Silenced AM broadcasters would also be offered channels on an expanded FM band, and all FM broadcasters would be required to go digital as well. Such a mandate would clear up the pesky problem of HD’s shunning by receiver manufacturers, though it would set off a Congressional fracas the likes of which the broadcast industry is ill-equipped to counter successfully. HD Radio’s proprietary nature would also make any mandate to use its technology a license to print money, which is precisely why the FCC decided the marketplace would decide HD’s fate more than a decade ago.
Such is the logic of a neoliberal regulatory paradigm: industry will fight attempts at regulation unless it directly benefits them. Broadcasters are quick to decry the FCC – except in this case, when the agency is being cast as a radical last hope for jumpstarting radio’s lifeless digital transition. Combined with iBiquity CEO Robert Struble’s contention that the future of digital radio is analog, in the end, the FM dial stands to become the new AM dial: overcrowded and functionally diminished.

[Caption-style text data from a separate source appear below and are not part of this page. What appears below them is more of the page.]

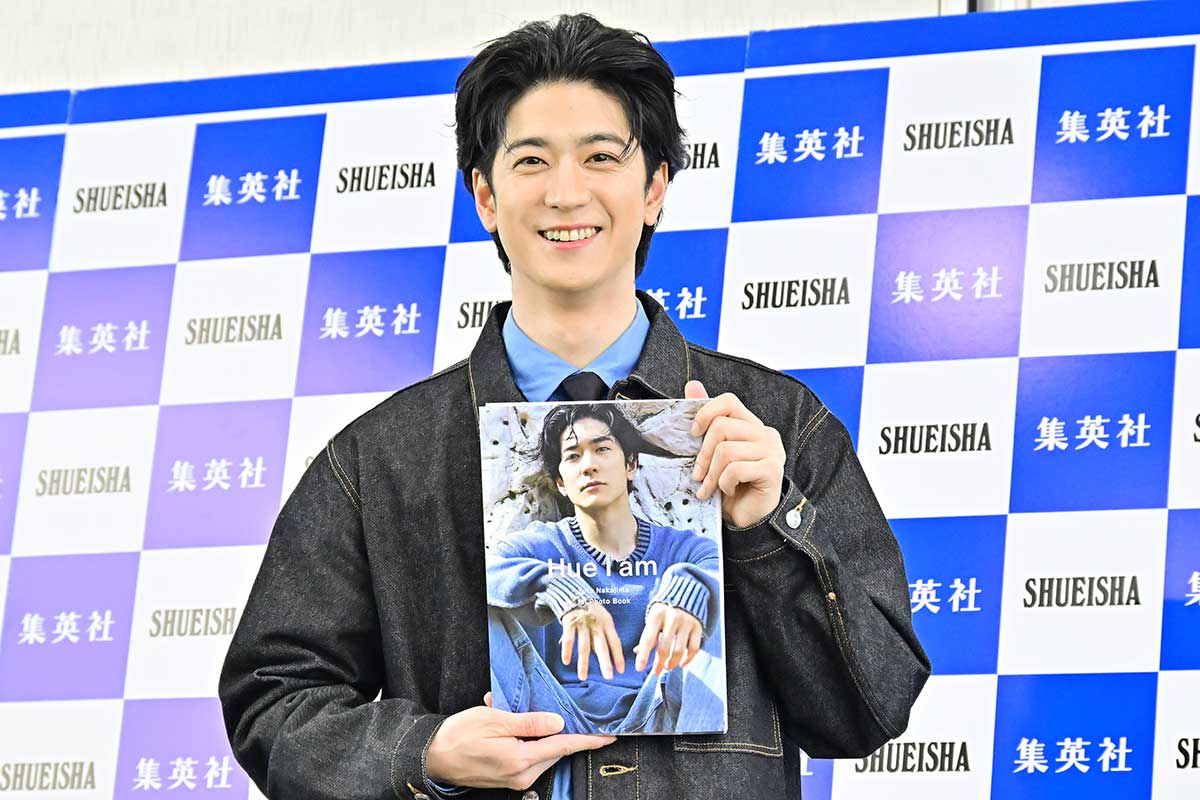 発売記念取材会に出席したHey! Say! JUMPの中島裕翔【写真:ENCOUNT編集部】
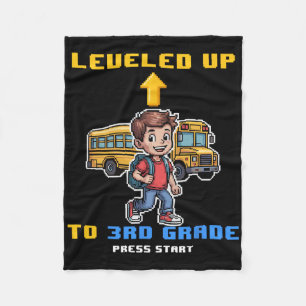Level omhoog 3e leerjaar Ck naar school grappige g Fleece Deken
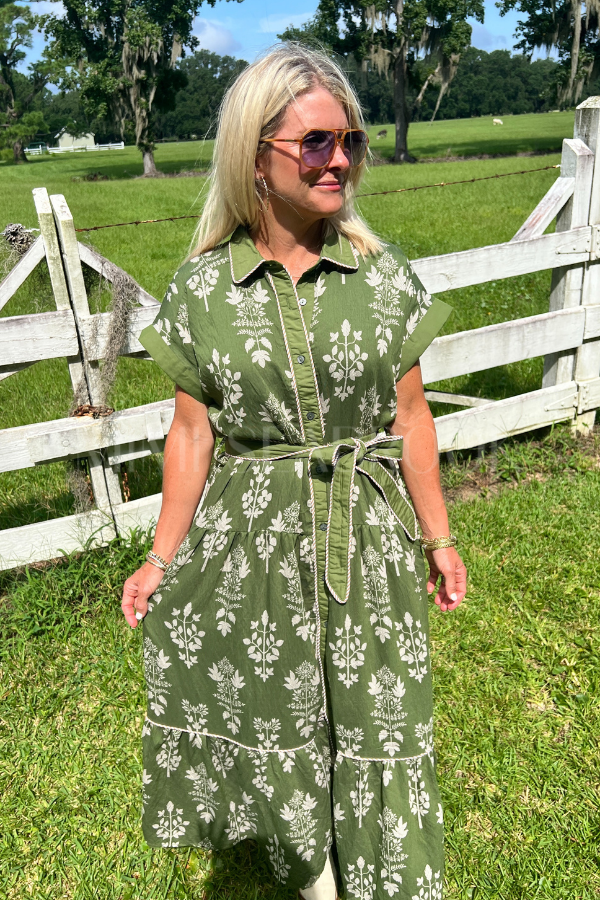 Elsa dress, olive
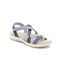 Earth Sterling Arch-Support Cushioned Strappy Women's Flat Sandal - Dark Blue - 8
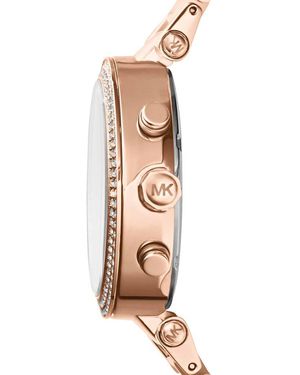 Michael Kors Orologio Cronografo Parker quadrante rose gold MK5896 - Metallizzato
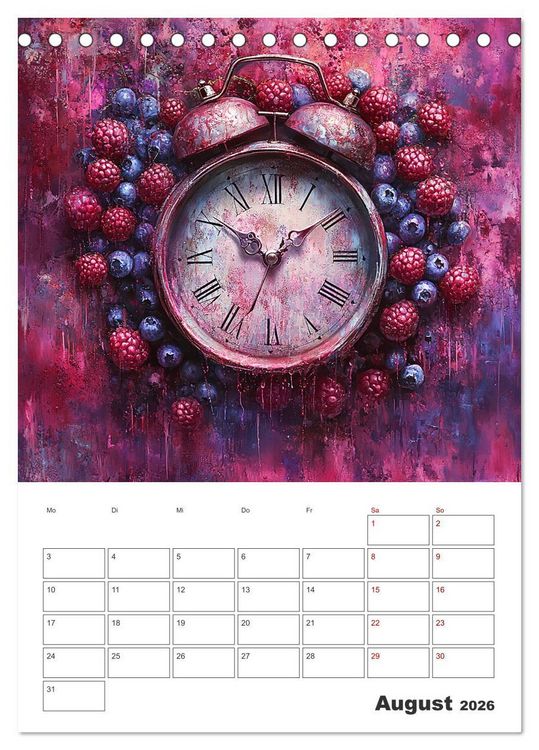Produktbild: Gesunde Zeiten (Tischkalender 2026 DIN A5 hoch), CALVENDO Monatskalender
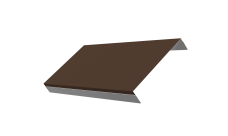 Ламель обратная стартовая/финишная забора жалюзи Texas 50мм для калиток и ворот (с заполнением ламелями 150) 0,5 Atlas X RAL 8017 шоколад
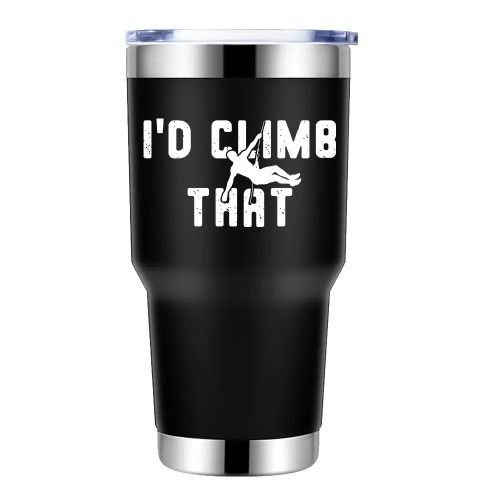 Climbing I'd Climb That 30oz Tumbler Black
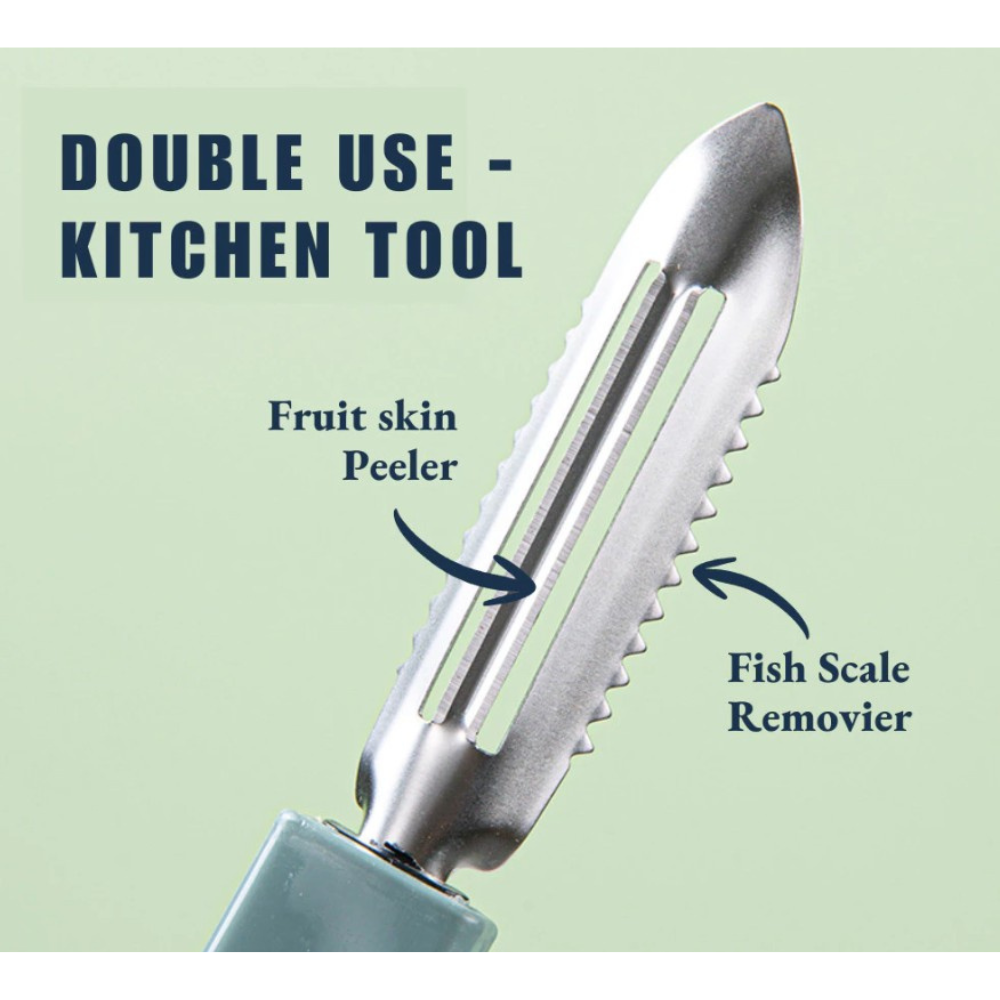 Fish Scale Scraper Knife Peeler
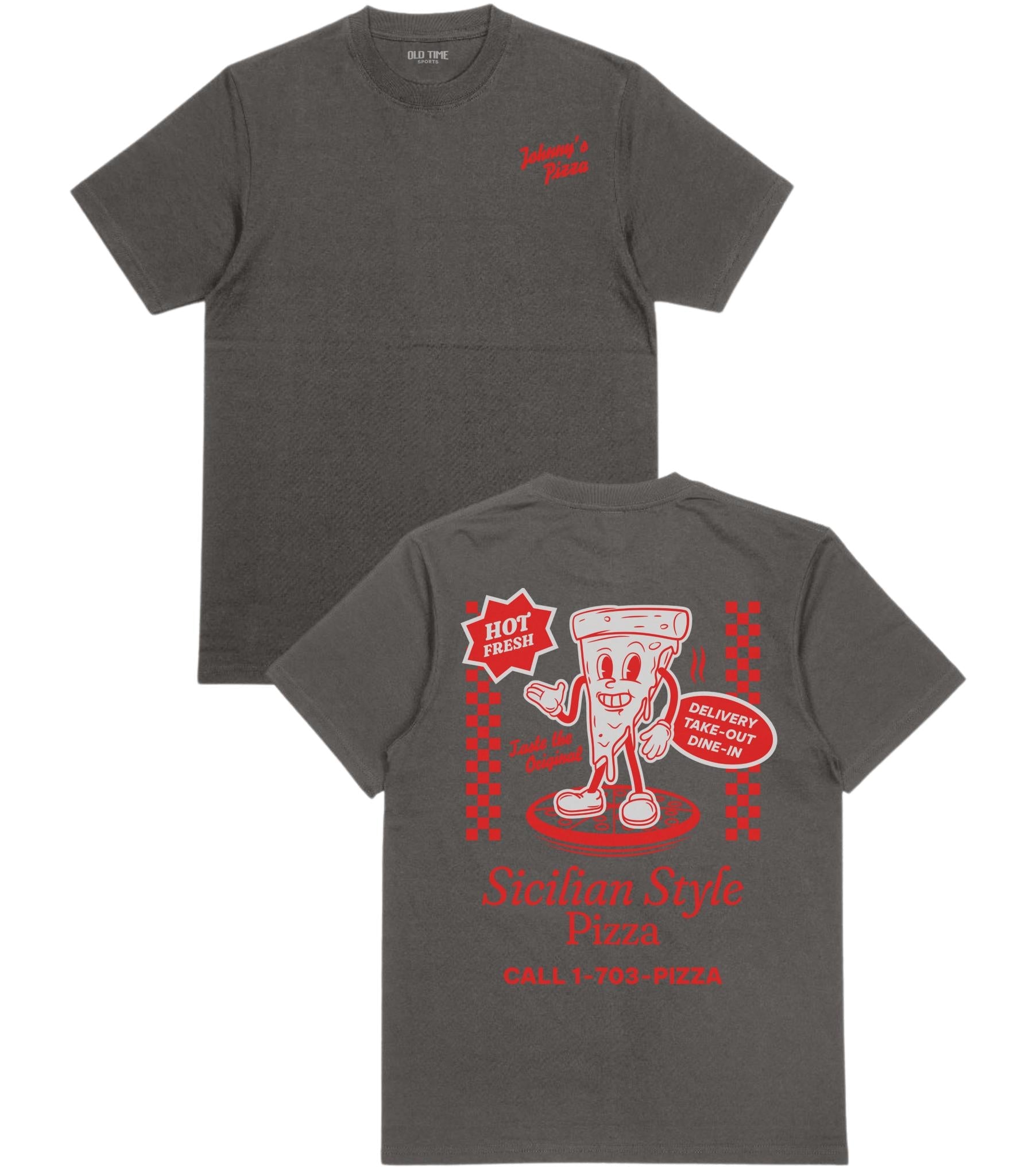 Johnny's Pizza T-Shirt – Old Time Sports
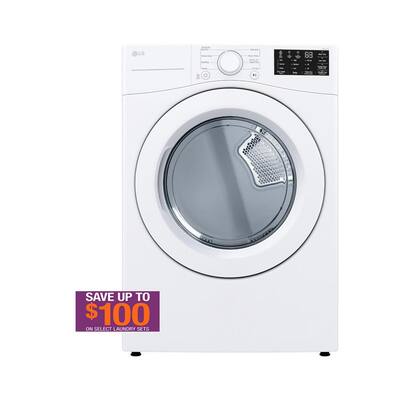 LG 5.0 cu. ft. Stackable Front Load Washer in White with 6 Motion Cleaning  Technology WM3470CW - The Home Depot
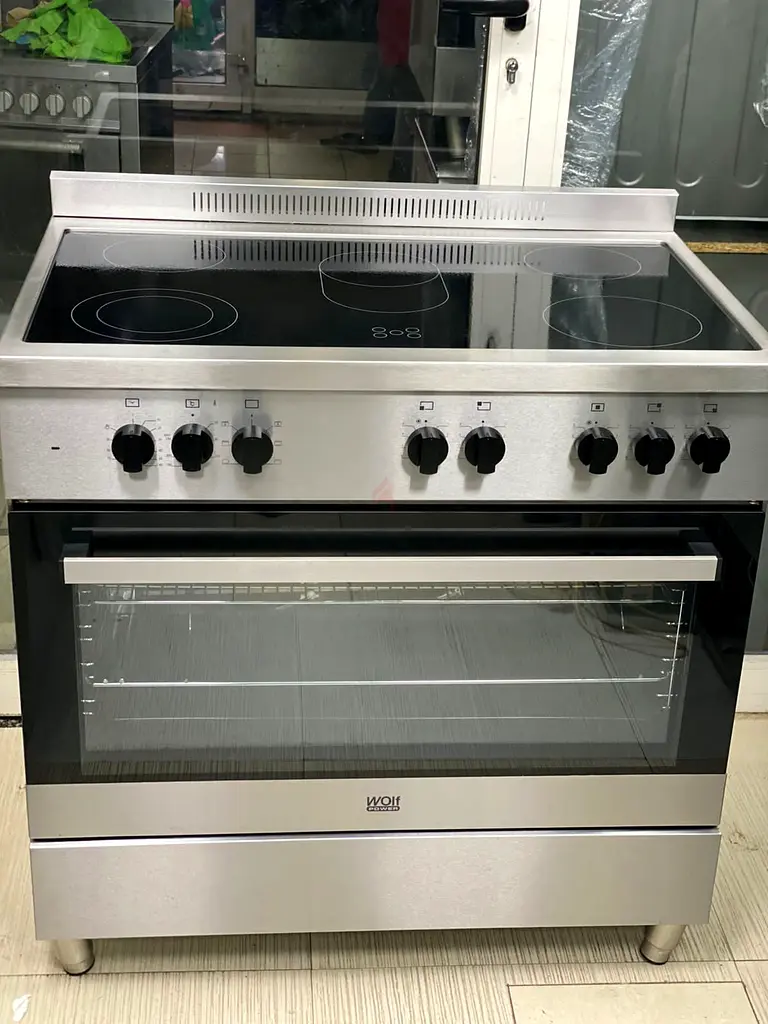 Wolf Power Electric Cooker WGC9060CERMF Silver 90x60cm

Curiously, Digital Radio Mondiale is name-dropped in the thick of the commentary, as “a topic for a later discussion,” though (it would seem) to be confined as a potential all-digital AM alternative.
I salute industry thinking outside of the box, but abhor the notion that the solution is just another box. All-digital FM-HD is attractive because, relative to AM-HD, FM-HD is functional, robust, and extensible (though it has never been substantively tested). But since the bar for what constitutes “improvement” in digital broadcasting was set so low during HD’s technological and policy development, is it really a viable end-state for all of U.S. radio broadcasting? Unless regulators completely reverse their direction and substantial changes are made to the transparency of HD Radio technology, mandates and migration will be a hard sell, to put it mildly. But if this represents the best industry thinking on radio’s digital future, then the situation must indeed be dire.

One thought on “Skotdal: The Future of AM is FM”

  1. “What we’ve got here,……………………. is failure to communicate, some men you just can’t reach.”
    Quote from the movie “Cool Hand Luke”
    These people still don’t get it…………… The public doesn’t give a good god damn about DAB on AM/FM, what we really would like is substance. Like real news, instead of government sponsored hype. Or maybe interactive stations that the public programs over the internet. Either way it all comes down to content whatever the vehicle, AM/FM//TV. And if it doesn’t happen on existing services………. it will on the internet!!!!
    Leave the AM/FM bands as is, add new spectrum for broadcasters at 220Mhz and boot the hams off it(example), institute a new high quality advanced technology DAB broadcast service there or any other place where spectrum can be stolen from for our beloved broadcast industry.
    You can do it this way or you can just sit on your hands and watch the internet eat your lunch and your bank accounts, while you bicker over how to resuscitate dated AM spectrum that should have been left 30 years ago and destroy a perfectly good VHF-FM service.
    The object here is to make people WANT to migrate to a new whiz bang digital broadcast service. Now lets see, or hear if the industry up to the challenge, or if it will be typical half-assed corporate mentality to “just do it on the cheap” and leave us with the existing mess that we now have.
    Clock is ticking…………………. internet is moving, and the broadcast industry is a deer in the headlights standing in the middle of the road. More listeners lost= Dead Deer!!!!!!!!!!!